Mac Motorcycles arrives with two retro-styled singles
Mac Motorcycles, a family-run company based in South Yorkshire, has started selling its first production motorcycles after what the company says has been more than a decade of development. The launch centers on two closely related machines, the Ruby and the Rex, both positioned as modern interpretations of classic British single-cylinder bikes.
The Ruby is presented as the sportier of the pair, using a cafe-racer-inspired layout. The Rex takes a roadster approach, with larger and taller handlebars intended to give riders a more upright posture. That shared platform, but different riding character, appears to be a core part of the company’s opening pitch.
One engine, two personalities
Both motorcycles use a 600cc liquid-cooled single-cylinder engine. According to the supplied source text, the motor is originally manufactured by SWM in Italy and is a revised version of the long-running Husqvarna TE610 engine. That gives Mac a starting point built on an established design rather than a clean-sheet powerplant.
Mac says it has still made meaningful changes of its own. Those include a Mikuni throttle body, a new ECU, and in-house engine tuning. The result is a claimed 57 horsepower and a top speed of about 100 mph, or 161 km/h. Those figures place the bikes firmly in the usable real-world performance category rather than the escalating horsepower race that defines much of the modern premium market.
That may also be part of the appeal. Single-cylinder motorcycles tend to attract riders who value mechanical character, simpler packaging, and a more direct feel over outright speed. By launching with two singles instead of chasing multi-cylinder prestige, Mac is signaling a specific identity from the outset.

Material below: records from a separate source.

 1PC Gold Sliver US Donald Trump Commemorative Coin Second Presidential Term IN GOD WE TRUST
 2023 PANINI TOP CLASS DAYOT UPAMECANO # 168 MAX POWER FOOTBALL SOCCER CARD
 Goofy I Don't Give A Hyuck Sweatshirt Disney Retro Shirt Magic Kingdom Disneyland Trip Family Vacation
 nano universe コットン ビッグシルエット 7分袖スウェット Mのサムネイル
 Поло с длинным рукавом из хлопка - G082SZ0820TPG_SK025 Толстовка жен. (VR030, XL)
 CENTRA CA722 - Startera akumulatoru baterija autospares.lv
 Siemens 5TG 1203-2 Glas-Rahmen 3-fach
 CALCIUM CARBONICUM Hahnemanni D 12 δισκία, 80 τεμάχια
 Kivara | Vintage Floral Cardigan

British sourcing as part of the brand
Mac is also making domestic sourcing part of its message. The two bikes share a tubular steel backbone frame, and the company says the chassis is manufactured in England by Caged Laser Engineering. The source text describes a broader effort to use British-made components wherever possible.
That strategy matters for more than branding. Small manufacturers often need a clear narrative to justify premium pricing and stand apart from both major global brands and low-volume boutique builders that never progress beyond prototypes. A visible made-in-Britain philosophy gives Mac a way to connect product, supply chain, and identity into one story.

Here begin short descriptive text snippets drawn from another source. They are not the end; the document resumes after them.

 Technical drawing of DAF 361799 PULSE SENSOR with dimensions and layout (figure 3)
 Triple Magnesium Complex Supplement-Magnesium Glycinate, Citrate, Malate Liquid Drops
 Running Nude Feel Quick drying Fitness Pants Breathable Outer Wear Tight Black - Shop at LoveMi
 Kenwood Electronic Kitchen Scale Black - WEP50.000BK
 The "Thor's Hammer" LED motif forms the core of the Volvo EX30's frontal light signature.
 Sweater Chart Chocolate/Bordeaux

It also arrives at a time when many younger companies in mobility are trying to prove credibility through software, electrification, or aggressive disruption language. Mac is going in the opposite direction. Its opening move is centered on traditional hardware, familiar engine architecture, and visual references to older British motorcycling culture.
Design over scale
The Ruby and Rex are not being introduced as mass-market machines. They are niche products with a distinct aesthetic, a specialized powertrain format, and pricing that places them well above entry-level commuter bikes. The source text says both models start at £15,500 including VAT.

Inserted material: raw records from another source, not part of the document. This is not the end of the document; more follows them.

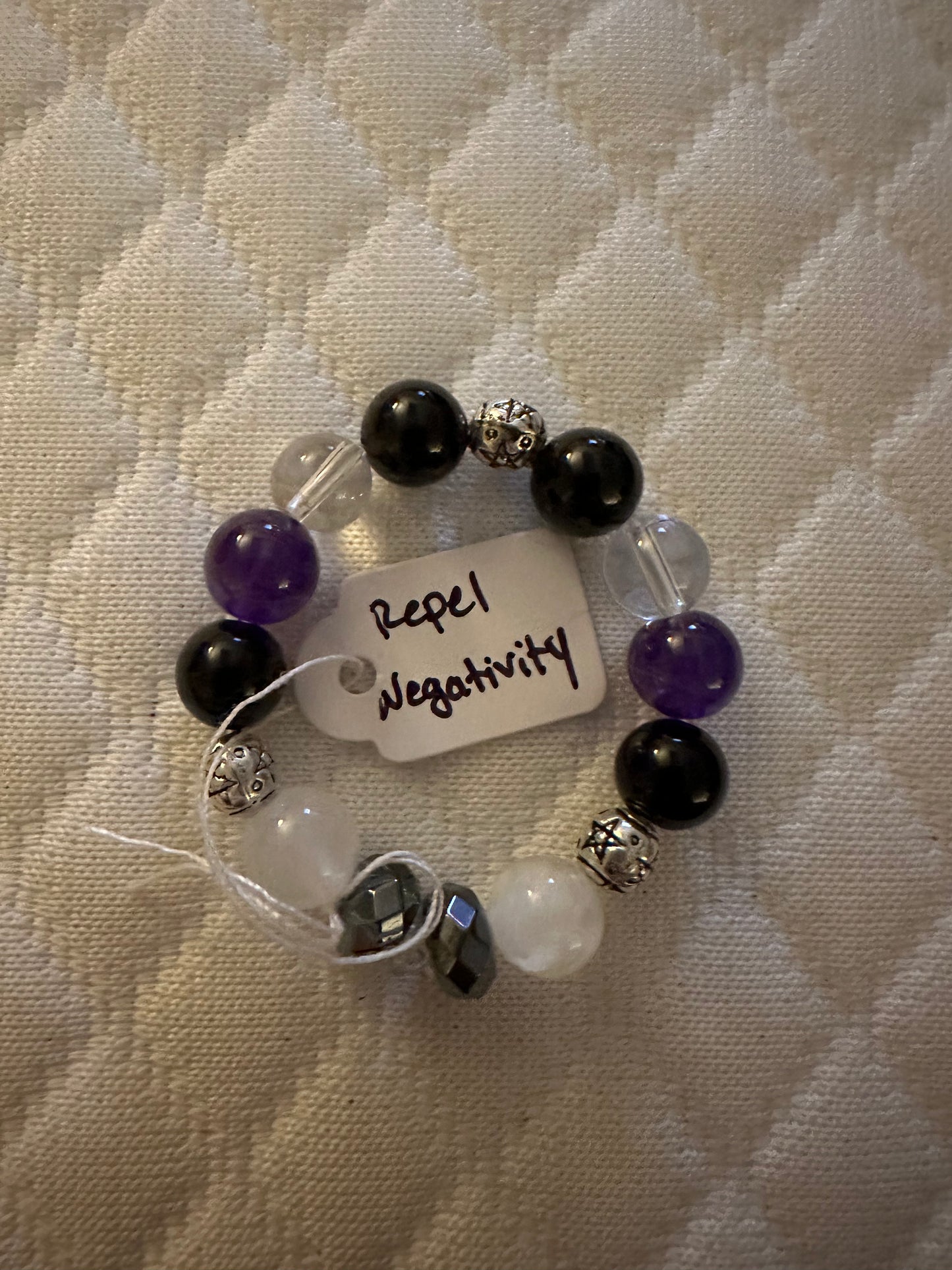 Beaded Bracelet- Repel Negativity Infant Size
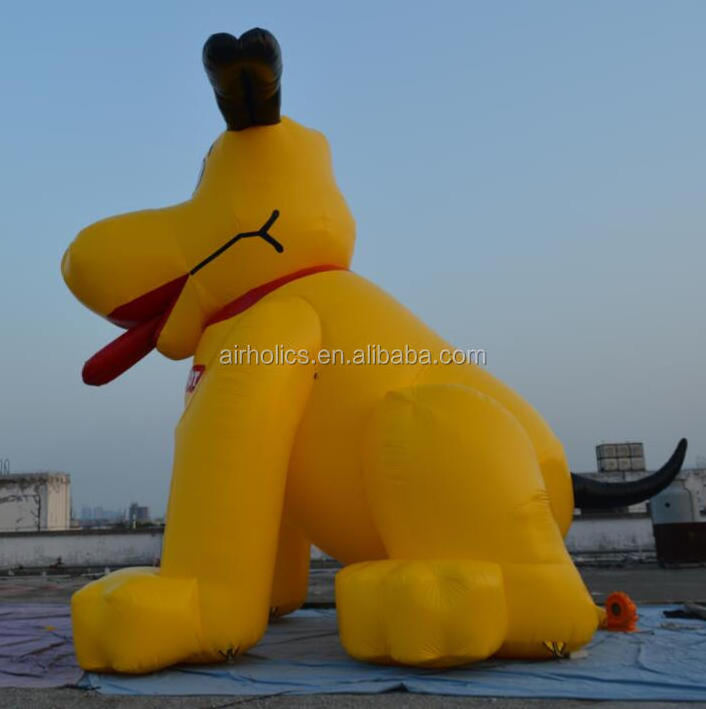 2018 Giant inflatable dog standing inflatable balloon dog cartoon with led light H3098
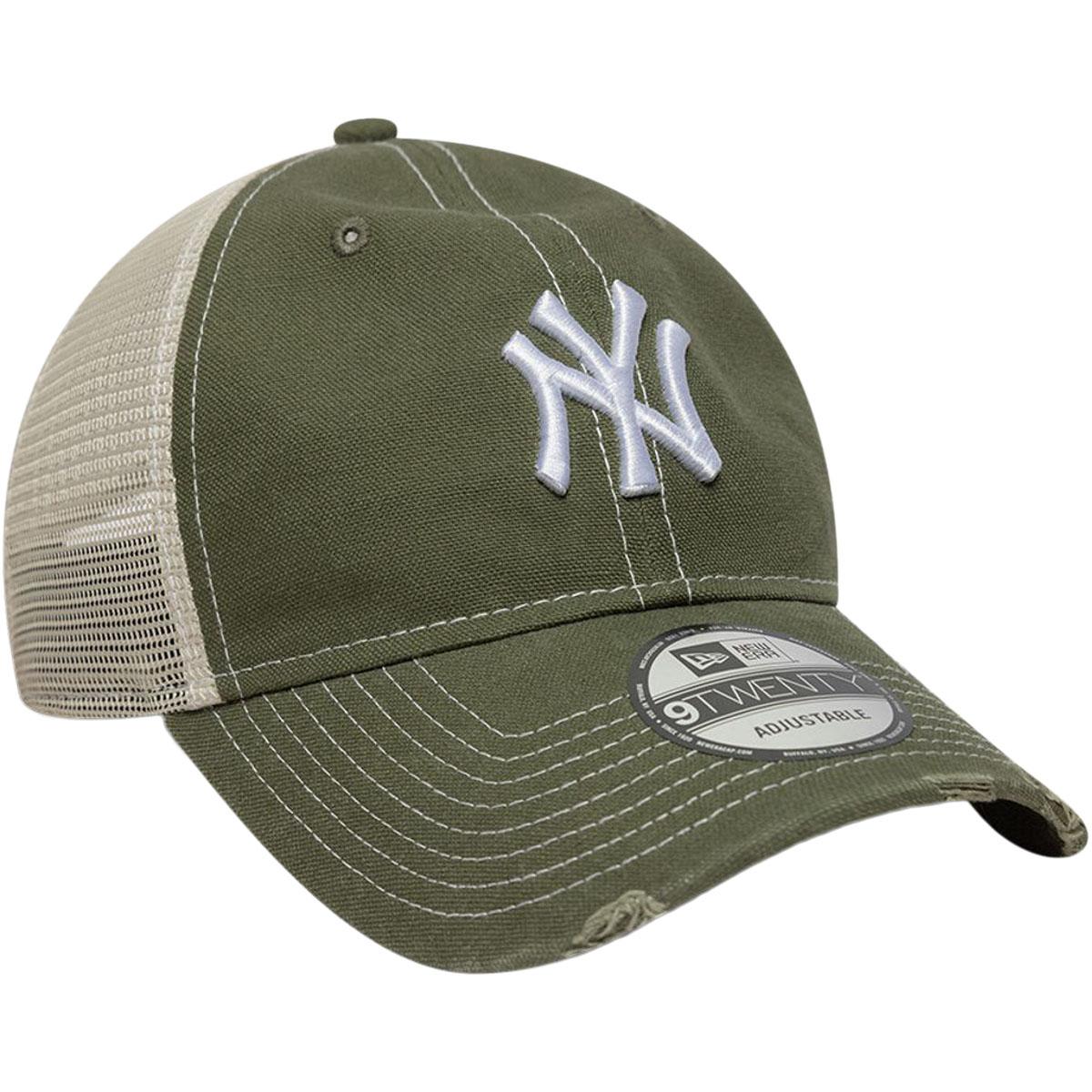 New Era 9TWENTY Cotton Canvas New York Yankees Strapback Cap Green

That figure means Mac is not competing primarily on affordability. Instead, it is trying to sell craftsmanship, rarity, and a sense of connection that many riders feel has been diluted in highly standardized modern motorcycles. In practical terms, buyers are being asked to pay for design intent, limited-volume appeal, and component choices tied to local production.
This is a difficult segment to enter. Retro styling has become common across the industry, from mainstream brands to custom-oriented startups. What makes Mac’s attempt notable is not that it uses the retro formula, but that it pairs the look with a single-cylinder platform and a long gestation period rather than a quick badge exercise.
Why the launch matters
New motorcycle companies appear regularly, but relatively few get to the point of actual sales. Reaching market with two finished models is a meaningful step, especially for a small manufacturer working outside the scale advantages enjoyed by global incumbents.
The Ruby and Rex also reflect a broader pattern in enthusiast transport markets. In an era of expanding electrification, digital interfaces, and increasingly complex rider aids, there remains clear interest in machines that foreground tactile experience and narrative. Mac’s bet is that some buyers still want exactly that, and are willing to pay a premium for it.
Whether the business scales is a separate question. The immediate significance is that Mac Motorcycles has moved from concept and development mode into real production sales, and it has done so with a sharply defined product identity. Instead of trying to be everything at once, it is starting with two variations on the same idea: a British-branded, retro-styled single that emphasizes feel, provenance, and personality.
For a new entrant, that kind of focus may be more important than headline numbers. Plenty of motorcycles can claim more power, more technology, or broader dealer reach. Mac is trying to offer something less common: a compact range whose character is supposed to be obvious before the engine even starts.